# If I use Hanes t-shirts can I still add my logo to it?



## firedude (Jul 27, 2010)

Hi, i am a professional firefighter, thinking about starting an apparel business on the side. I have made a logo. If I order "hanes" tshirts to print on can I still add my logo even though it is another brand of shirt? Let me know. Thanks in advance


----------



## IYFGraphics (Sep 28, 2009)

*Re: new guy with questions*



firedude said:


> Hi, i am a professional firefighter, thinking about starting an apparel business on the side. I have made a logo. If I order "hanes" tshirts to print on can I still add my logo even though it is another brand of shirt? Let me know. Thanks in advance


Sure.....almost all of the t-shirt manufacturers make blanks for the sole purpose of selling to decorators.

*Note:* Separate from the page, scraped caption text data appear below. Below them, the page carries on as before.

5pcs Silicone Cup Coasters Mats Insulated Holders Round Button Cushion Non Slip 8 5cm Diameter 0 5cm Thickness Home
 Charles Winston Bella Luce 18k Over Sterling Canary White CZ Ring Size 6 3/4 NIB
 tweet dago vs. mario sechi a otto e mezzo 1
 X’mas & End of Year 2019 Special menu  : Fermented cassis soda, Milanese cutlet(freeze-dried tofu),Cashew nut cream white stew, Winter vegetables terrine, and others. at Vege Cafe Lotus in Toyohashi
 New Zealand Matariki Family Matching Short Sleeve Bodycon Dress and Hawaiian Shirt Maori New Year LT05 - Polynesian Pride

Look at the shirt as a canvas....lots of canvas manufacturers that a artist can paint on....you sir are the artist, the t-shirt is your canvas, all artists sign their work (your logo).

Hope this helps.


----------



## OceanfrontCC (Jul 27, 2010)

*Re: new guy with questions*

just so you know firedude wherever you live (state,province) you must acquire a tax id number to order wholesale shirts(if you go onto hanes.com they have a link to wholesale) also to legitimately get started your going to need to get a DBA or Doing Business As and also a TIN unless you use your own. Good Luck



Oceanfront Clothing Company.


----------



## firedude (Jul 27, 2010)

*Re: new guy with questions*

Thanks for the business info. That part of it I know how to do, lol. I have had a construction company for 5 years now, and my wife is an accountant. Its a good post though, Im sure there are a ton of people that overlook that aspect of the business and overlooking that can create a ton of headaches.


----------



## Rodney (Nov 3, 2004)

firedude said:


> Hi, i am a professional firefighter, thinking about starting an apparel business on the side. I have made a logo. If I order "hanes" tshirts to print on can I still add my logo even though it is another brand of shirt? Let me know. Thanks in advance


Yes, it's perfectly OK to do that.

That's actually what the major manufacturers (Gildan, Hanes, American Apparel, etc) create the t-shirts for. For people to print on them with their own designs. 

Sometimes leaving the Hanes tag in there is helpful to the end customer who may be familiar with Hanes sizing or brand because of their commercials/prescience in stores, etc.


----------